Un régime d'invitation

La lecture évangélique que nous venons d'entendre nous rappelle que nous sommes, comme chrétiens, non pas dans un régime d'obligation, mais dans un régime de l'invitation : Deux régimes fort différents l'un de l'autre. Le régime de l'obligation est marqué au coin de la menace : " Tu dois faire ceci et non pas cela ". Le régime d'invitation est au contraire celui de la gratuité et de la générosité :

" Allez donc aux croisées des chemins : tous ceux que vous rencontrerez, invitez-les au repas de noces ".

Le régime de l'obligation est rarement festif, alors que le régime de l'invitation est de nature à créer de la joie et un comportement approprié. Qui ne se sent pas invité par Dieu joyeusement ne connaît pas le vrai Dieu dont on s'émerveille. Il y a un autre aspect de la lecture évangélique de ce dimanche dont il importe de tenir compte. Il n'est pas toujours facile de vraiment accepter l'invitation et d'y répondre comme il convient. L'invitation reçue n'a rien d'un effet magique, elle appelle de notre part un choix, une réponse, un engagement dans une tenue de fête. Autrement, nous nous expulsons nous-mêmes de la noce, en nous refusant de choisir et de re-choisir ce qui pouvait nous faire sortir de nos peurs, de nos angoisses, de nos échappatoires, de nos occupations trop fébriles. Persévérer dans une réponse au quotidien à un appel requiert un renouvellement intérieur, une constance, une liberté de bien choisir. Rester joyeusement branché, c'est un défi qu'on ne peut relever dans l'isolement en nous coupant de la fête mobilisatrice. Puissions-nous alors entendre l'invitation à marcher le chemin de la connivence et de la concertation. Un chemin que nous sommes invités à rechoisir comme chemin de vie, de communion et de fête. Plus précisément, le régime chrétien nous invite à un bonheur, une joie, une résilience qui tient compte de la réalité. Il ne s'agit pas d'euphorie, d'illusion, ou de bonheur artificiel, presque obligatoire. Le bonheur que nous propose l'Évangile ne consiste pas à quitter le réel, mais à l'habiter avec le dynamisme de l'espérance, quoiqu'il advienne.

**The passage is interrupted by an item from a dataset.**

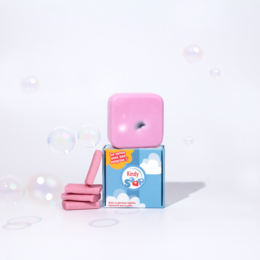 Kindy Mini Pink "Soap-surprise" - a hand soap with a fun, playful design featuring a pink dispenser and a box with a cartoon character. The soap is likely scented and may have additional features like moisturizing ingredients.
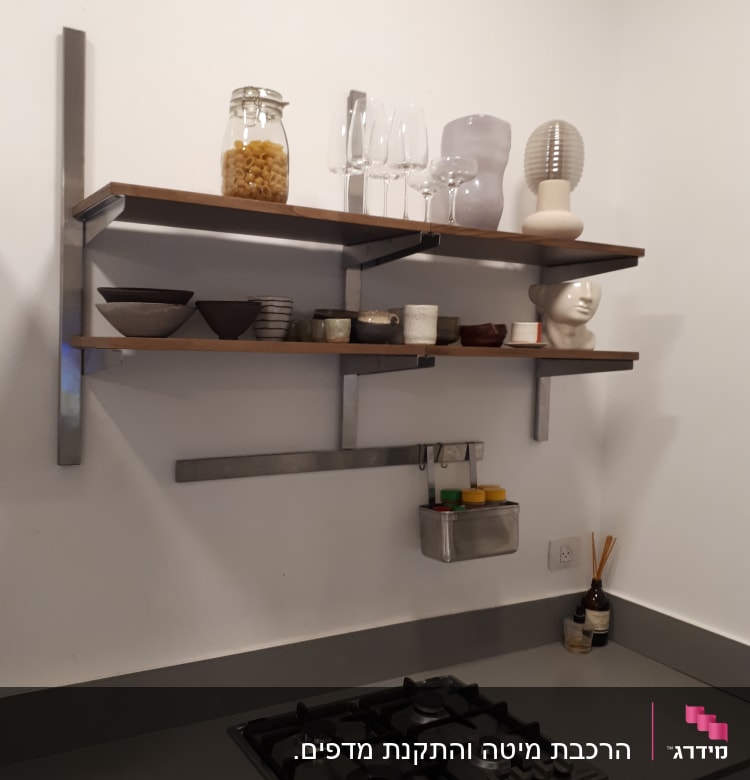 מדף עץ עם תומכים ממתכת מותקן על הקיר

C'est dans ce sillage que l'Eucharistie nous est proposée, que nous y sommes invités. La célébration de l'Eucharistie est un geste poétique i.e. un mouvement contemplatif, un espace d'émerveillement et à la fois, un aspect révolutionnaire, un engagement dans une lutte pour que justice, tendresse, concertation y retrouvent leur souffle. Tel peut être évoqué ce moment de fête, tel peut être le vêtement de noce. Une attitude dont Jésus lui-même nous a laissé l'esquisse par ces mots : vous ferez ceci en mémoire de moi. " Vous ferez ", notons bien. Jésus ne nous dit pas de l'adorer, mais d'agir à la manière qu'il a illustrée. Comme le répète une théologienne de notre milieu : Jésus nous a invités à agir, à nous impliquer et nous nous sommes mis à l'adorer. Ce n'est pas défendu, bien sûr. Mais ce peut être un piège. Comme un prêtre inspirant et libérateur l'a écrit :

" Nous ne pouvons pas savoir ce que Jésus a réalisé au soir de la Cène, nous ne pouvons pas davantage définir ce que nous accomplissons en reprenant son geste, mais nous ne doutons pas que notre espérance est de rejoindre l'intensité qui fut la sienne en cet instant. S'il est bien un geste symbolique qui me donne confiance en cette élévation de l'être, alors que rien dans ma vie ne me permet de le revendiquer, c'est bien la célébration de l'Eucharistie. En cet instant nous sommes convoqués à la présence  ".

Telle est la fête. Telle est la poésie. Telle est cette eucharistie qui nous rassemble dans une gratuité, dans un vêtement de fête. Telle est l'attitude qui n'est pas toujours évidente et plutôt voilée. Que l'évocation de Jésus, que la réponse à l'invitation réveille en nous le désir d'accomplir notre vie en espérant que l'intensité qui fut la sienne ne nous est pas fermée. Et le reste  suivra.